### WHAT TO DO
Your answer must be the data repeated exactly, with no pictures in it.

Collection entries:
/---

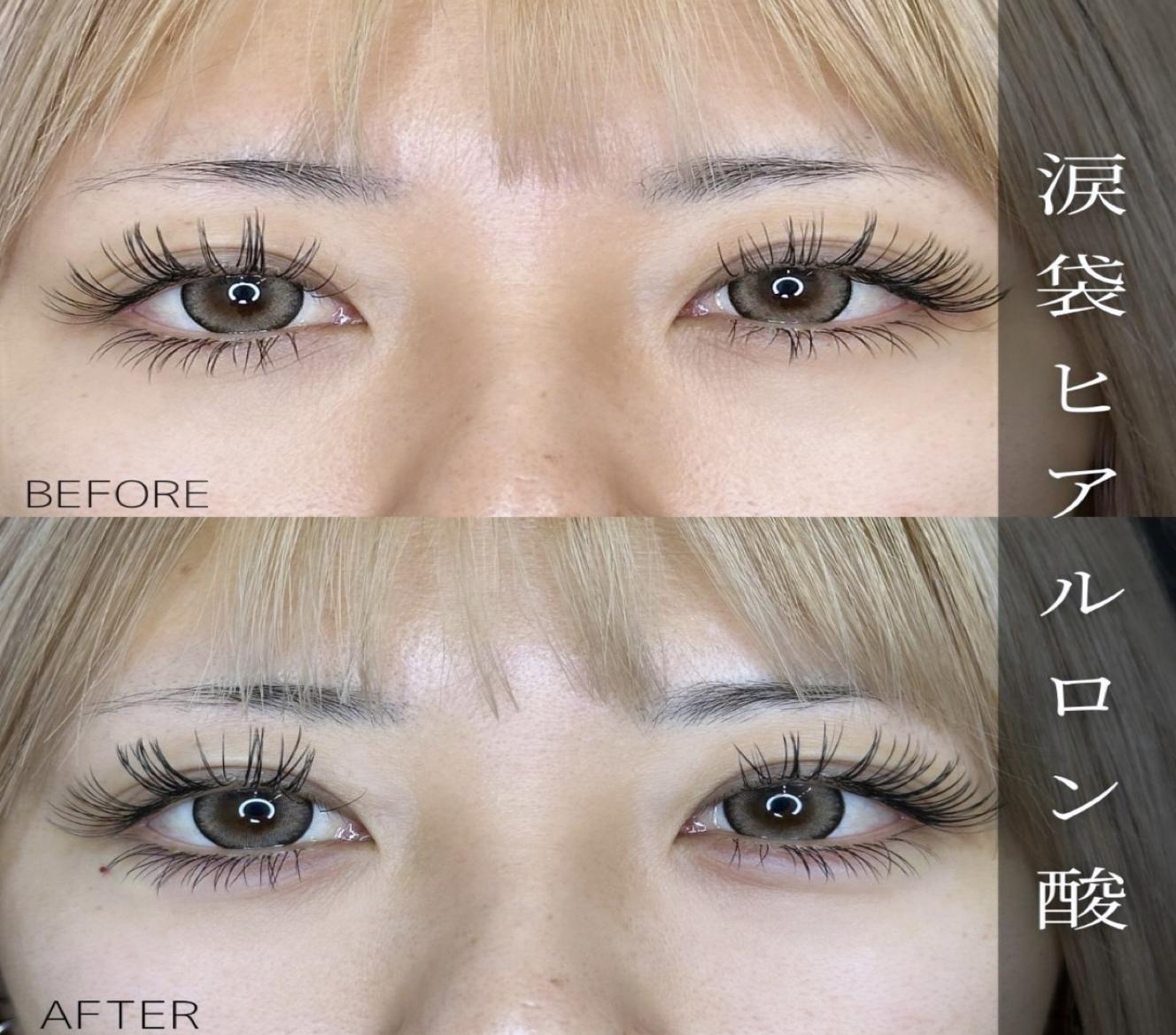 涙袋ヒアルロン酸の症例写真
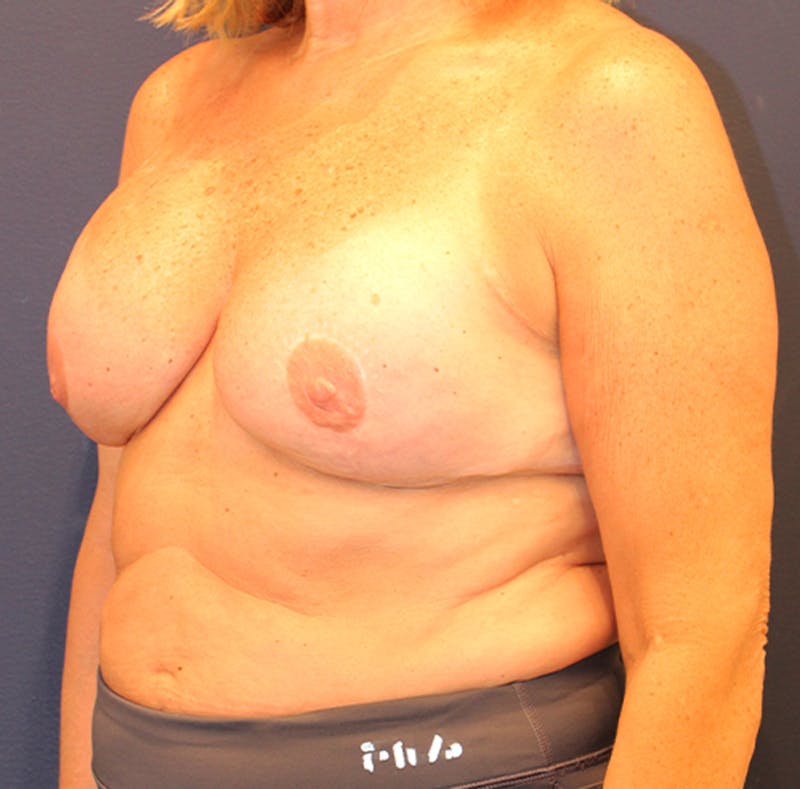Breast Reconstruction Before & After Gallery - Patient 174147713 - Image 4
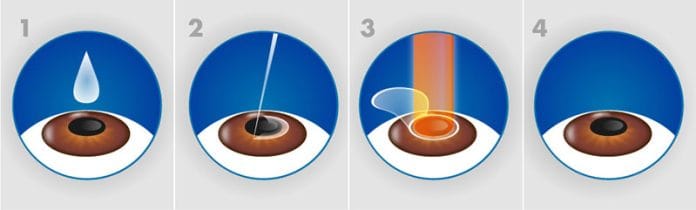 phau-thuat-lasik-3 phau-thuat-lasik-3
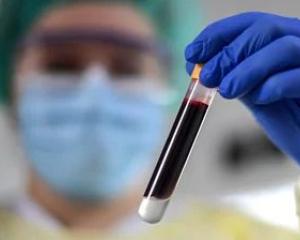 Masked researcher holding vial of blood - Britta Pedersen/dpa/picture alliance via Getty Images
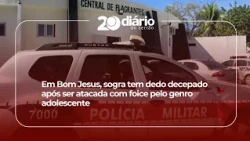 In Bom Jesus, mother-in-law has finger severed after being attacked with a scythe by teenage son-...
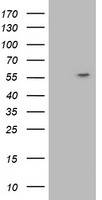 ATP6V1B1 Antibody - HEK293T cells were transfected with the pCMV6-ENTRY control (Left lane) or pCMV6-ENTRY ATP6V1B1 (Right lane) cDNA for 48 hrs and lysed. Equivalent amounts of cell lysates (5 ug per lane) were separated by SDS-PAGE and immunoblotted with anti-ATP6V1B1.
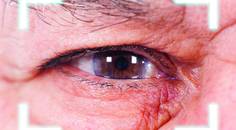 Secondary IOL Implantation After Complicated Primary Surgery
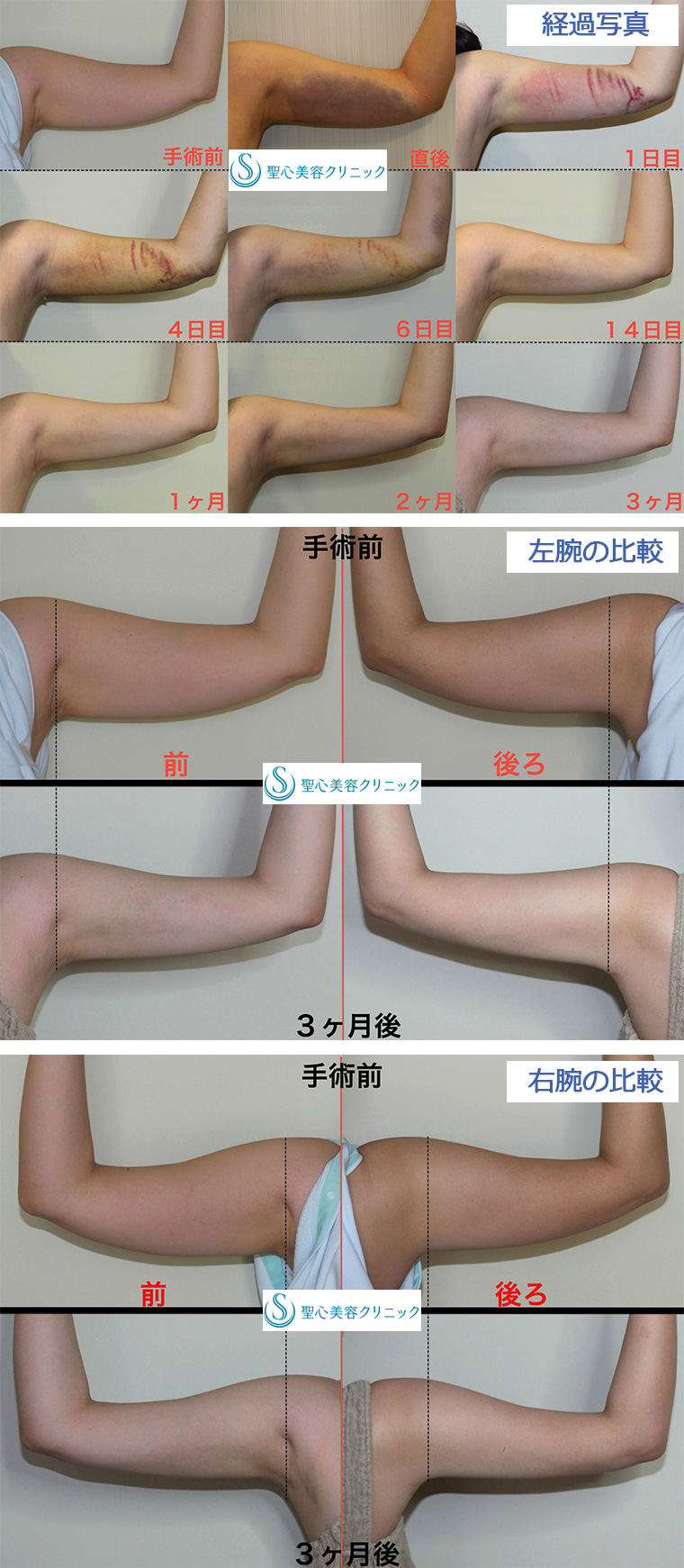症例写真 術前術後比較 ベイザーリポ2.2脂肪吸引 二の腕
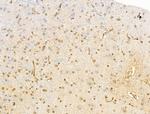 Phospho-EEF2K (Ser366) Antibody in Immunohistochemistry (Paraffin) (IHC (P))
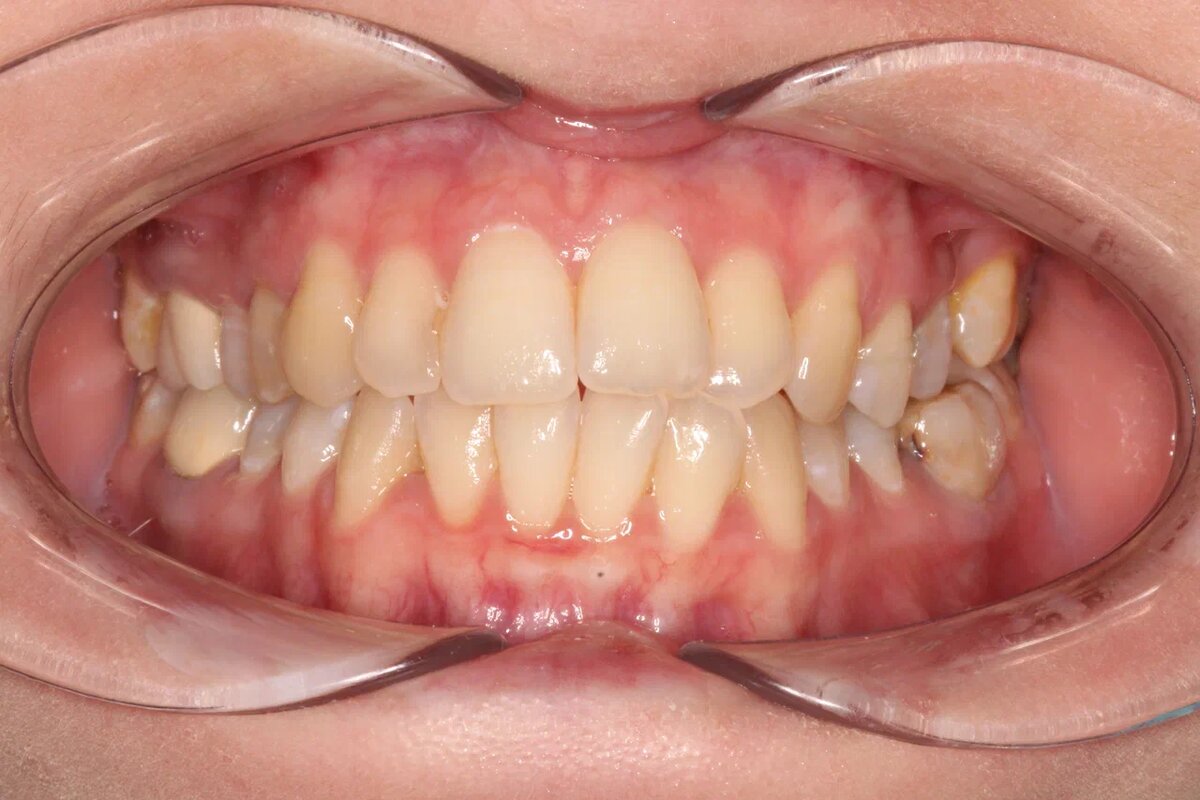 Исходная ситуация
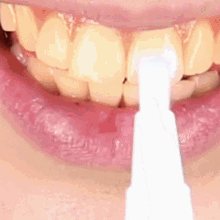 RoyaleGlow Magic Natural Tooth Whitening Gel Pen 50ml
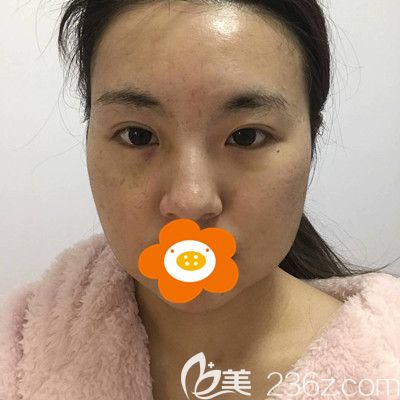 做面部吸脂手術(shù)前的照片 做面部吸脂手術(shù)前的照片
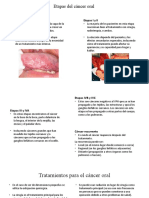 Etapas y Tratamientos Del Cancer Oral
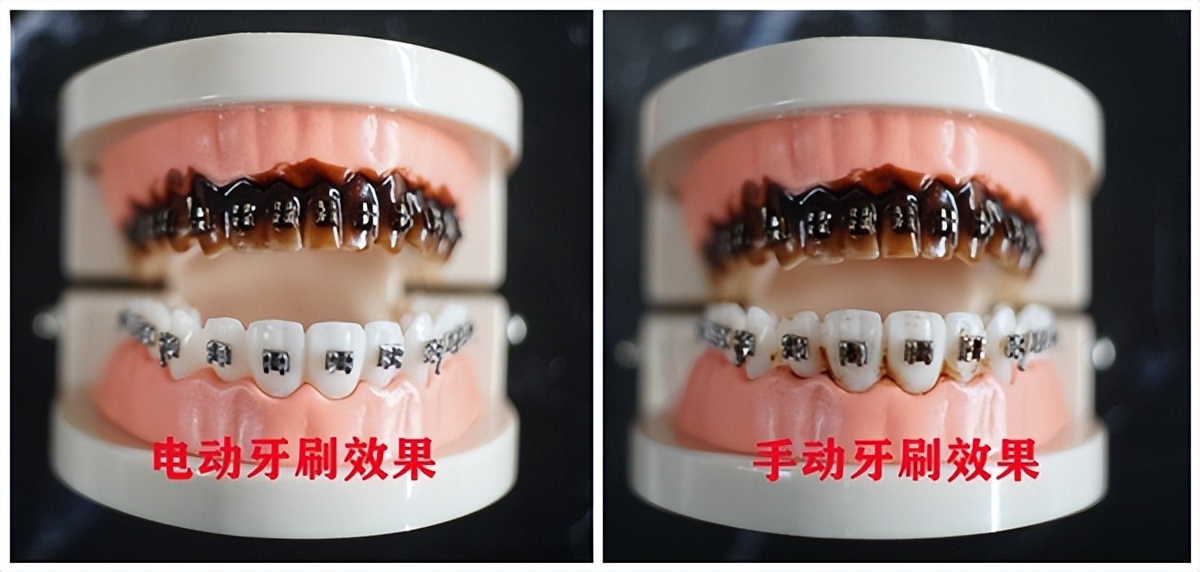 电动牙刷对牙齿有什么好处和坏处,儿童电动牙刷的利弊
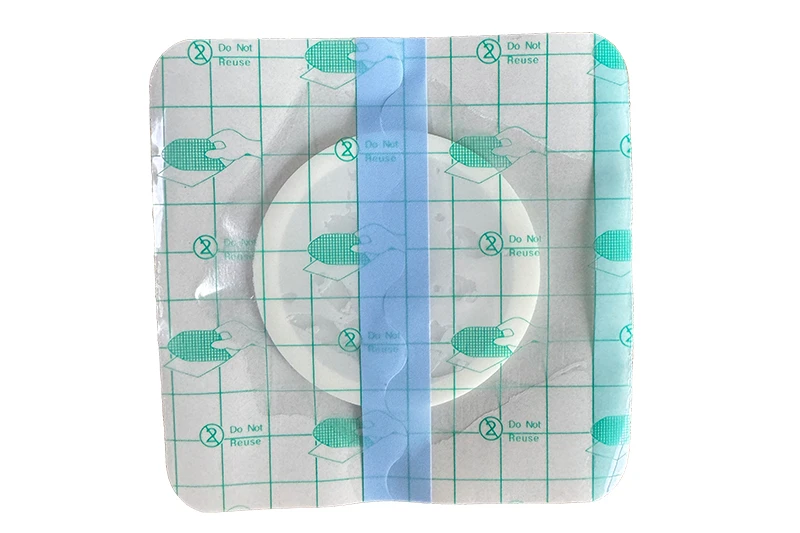 Top Features Procurement Teams Look for in Island Wound Dressings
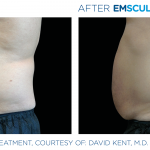 EmSculpt NEO fat burning and muscle building treatments Before and After at Artemedica in Santa Rosa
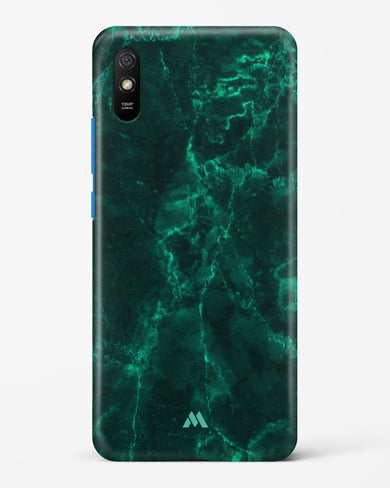 Olive Riddle Marble Hard Case Phone Cover (Xiaomi)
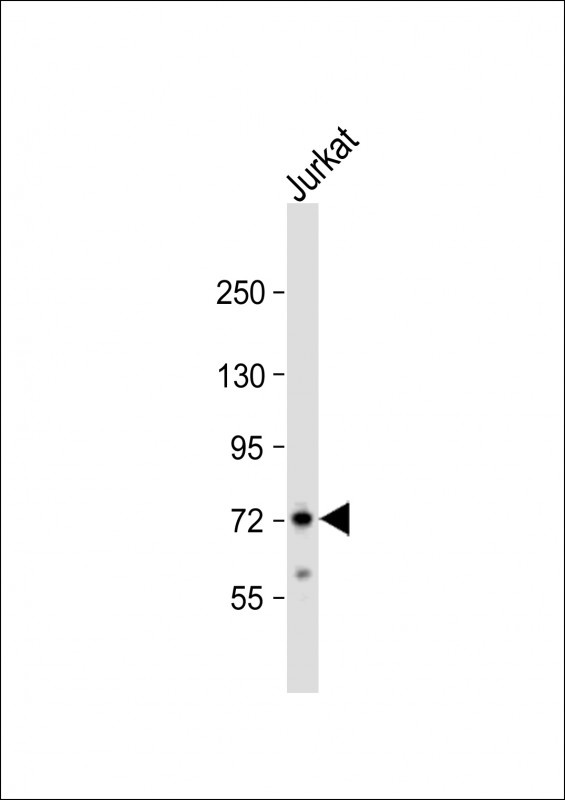 ZFP36 Antibody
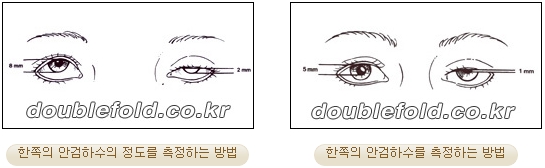 과교정 눈매 (소세지 쌍커풀 재수술, 눈매교정 재수술) 관련 이미지 12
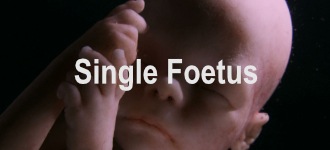 Single Foetus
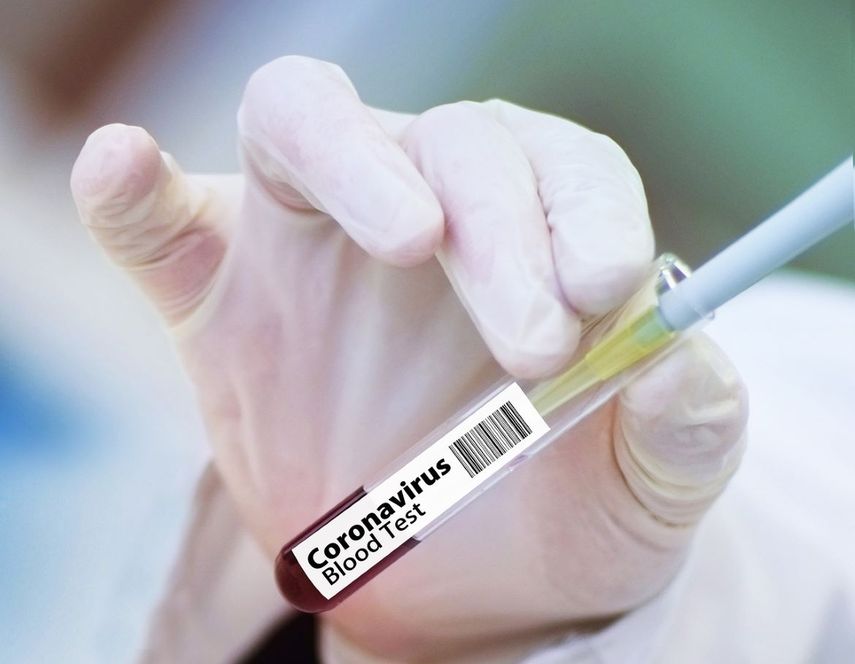 Varias farmacéuticas trabajan en la creación de vacunas contra el COVID-19.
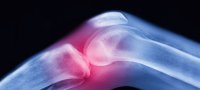 Особенности лечения болей в колене народными средствами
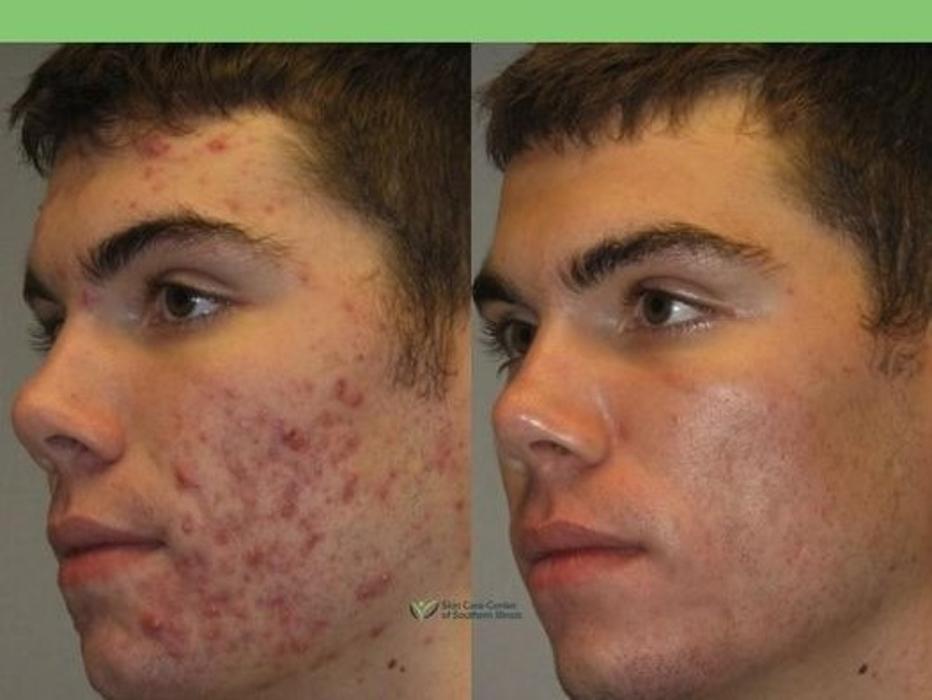 Schweiger Dermatology Group - Mt Vernon - Mount Vernon, IL
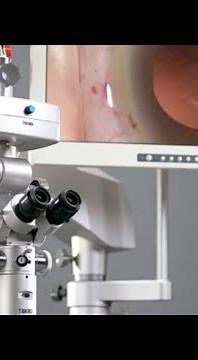 Takagi Operating Microscope OM-9@TAKAGI Ophthalmic Instruments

\---

### ANSWER FOR THE TASK
 涙袋ヒアルロン酸の症例写真
Breast Reconstruction Before & After Gallery - Patient 174147713 - Image 4
 phau-thuat-lasik-3 phau-thuat-lasik-3
 Masked researcher holding vial of blood - Britta Pedersen/dpa/picture alliance via Getty Images
 In Bom Jesus, mother-in-law has finger severed after being attacked with a scythe by teenage son-...
 ATP6V1B1 Antibody - HEK293T cells were transfected with the pCMV6-ENTRY control (Left lane) or pCMV6-ENTRY ATP6V1B1 (Right lane) cDNA for 48 hrs and lysed. Equivalent amounts of cell lysates (5 ug per lane) were separated by SDS-PAGE and immunoblotted with anti-ATP6V1B1.
 Secondary IOL Implantation After Complicated Primary Surgery
症例写真 術前術後比較 ベイザーリポ2.2脂肪吸引 二の腕
 Phospho-EEF2K (Ser366) Antibody in Immunohistochemistry (Paraffin) (IHC (P))
 Исходная ситуация
 RoyaleGlow Magic Natural Tooth Whitening Gel Pen 50ml
 做面部吸脂手術(shù)前的照片 做面部吸脂手術(shù)前的照片
 Etapas y Tratamientos Del Cancer Oral
 电动牙刷对牙齿有什么好处和坏处,儿童电动牙刷的利弊
 Top Features Procurement Teams Look for in Island Wound Dressings
 EmSculpt NEO fat burning and muscle building treatments Before and After at Artemedica in Santa Rosa
 Olive Riddle Marble Hard Case Phone Cover (Xiaomi)
 ZFP36 Antibody
 과교정 눈매 (소세지 쌍커풀 재수술, 눈매교정 재수술) 관련 이미지 12
 Single Foetus
 Varias farmacéuticas trabajan en la creación de vacunas contra el COVID-19.
 Особенности лечения болей в колене народными средствами
 Schweiger Dermatology Group - Mt Vernon - Mount Vernon, IL
 Takagi Operating Microscope OM-9@TAKAGI Ophthalmic Instruments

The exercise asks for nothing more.